1,4-Dideoxy-1,4-imino-D-arabinitol hydrochloride (DAB) (10μM) and DAB+L-lactate (10mM) were dissolved directly in the extracellular solution. (+)-5-methyl-10,11-dihydroxy-5H-dibenzo(a,d)cyclohepten-5,10-imine (MK801) (1mM), Na-oxamate (6mM), Na-oxamate (6mM) + L-pyruvate (10mM), Na-oxamate (6mM) + K2NADH (4mM), D-Mannoheptulose (10μM), D-Mannoheptulose (10μM) + Na-oxamate (6mM), were added to intracellular recording solution. Na-oxamate (50mM) was dissolved directly in the saline solution for in vivo experiments. All chemicals were purchased from Sigma (Saint-Quentin Fallavier, France) except for MK801 and AR-C155858 (Tocris, Ellisville, MO, USA).

For patch-clamp experiments, drugs were applied intracellularly (noted: i-drugs), ensuring specific intracellular effect in the sole recorded neuron without affecting the neighboring neurons or astrocytes; in few cases (Fig. 1E), drugs were applied extracellularly (noted: edrugs).

Cannulas implants and in vivo microinjections

Under anesthesia with pentobarbital sodium (50 mg/kg i.p.), rats (250–300 g) were placed in a stereotactic apparatus, the cranium was exposed and two holes were drilled to aseptically implant double guide cannulas (26GA, Bilaney, Germany) into dorsal hippocampi bilaterally (stereotaxic coordinates: anteroposterior =-4.0mm from bregma; mediolateral =−2.5mm from midline).

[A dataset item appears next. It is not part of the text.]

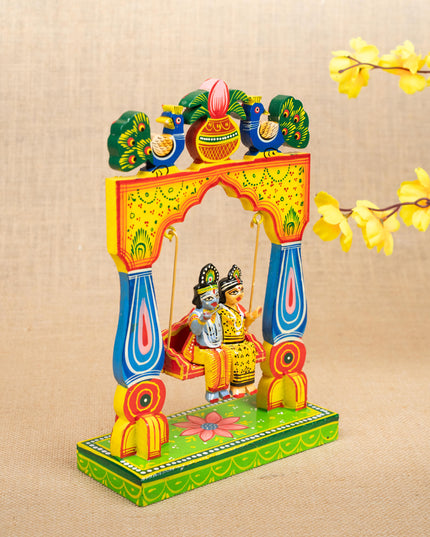 Krishna Jula - Kondapalli - WL3957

The guide cannulas were secured with dental cement. The two internal cannulas (33GA, Bilaney, Germany) were then inserted within the guide cannulas (dorsoventral =-2.2mm from bone surface). After surgery, 1mg/g i.p. of analgesic agent (Metacam, 1.5mg/ml solution) was administered for 3 days. Rats were allowed to recover from surgery for 7 days before behavioral test beginning. Location of the cannulas are illustrated in Figure 4H.

Rats were injected bilaterally through the stainless-steel cannulas 45 min before the familiarization phase of behavioral testing (novelty-object recognition or object-in-place). Cannulas were briefly connected to 10 μL Hamilton syringes by means of polyethylene tubes. Rats were injected with either saline (0.8 mM sterile NaCl) or with Na-oxamate (50 mM) diluted in saline; 1-2 μl per hippocampus using automatic infusion pump at a speed of 0.2 μl/min.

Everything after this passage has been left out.